AVAILABLE DATA:
┌──
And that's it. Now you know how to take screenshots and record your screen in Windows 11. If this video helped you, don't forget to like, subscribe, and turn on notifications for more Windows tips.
└──
┌──
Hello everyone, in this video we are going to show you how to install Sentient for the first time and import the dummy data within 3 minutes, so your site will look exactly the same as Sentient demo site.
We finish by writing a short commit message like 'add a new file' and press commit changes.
└──
┌──
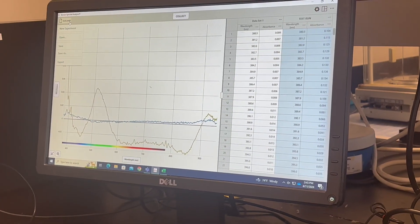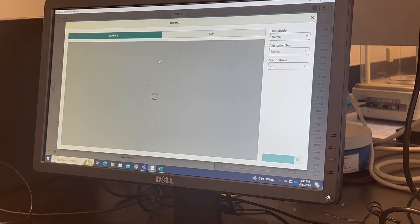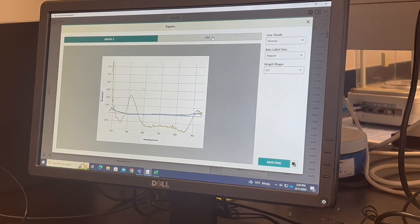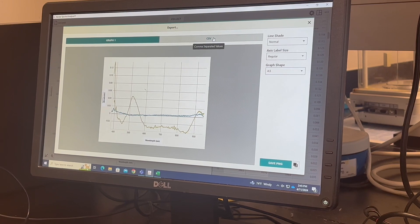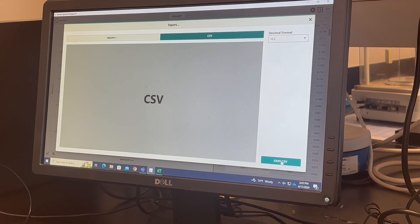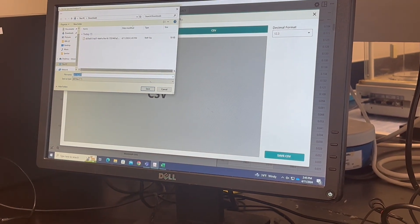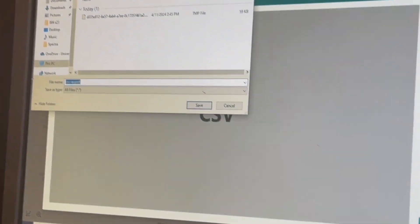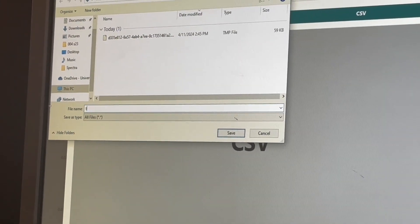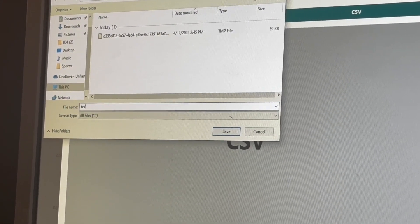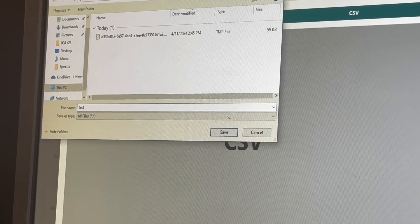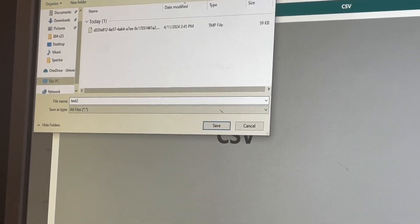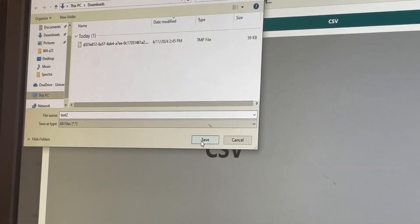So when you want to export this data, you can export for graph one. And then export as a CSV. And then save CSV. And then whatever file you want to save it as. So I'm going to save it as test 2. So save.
└──
PROBLEM DESCRIPTION: Out of the data above, transcribe exactly and only the lines starting with the line that has "Hello everyone, in" and going on through the line that has "We finish by", both included.

SOLUTION FOR THIS EXERCISE:
Hello everyone, in this video we are going to show you how to install Sentient for the first time and import the dummy data within 3 minutes, so your site will look exactly the same as Sentient demo site.
We finish by writing a short commit message like 'add a new file' and press commit changes.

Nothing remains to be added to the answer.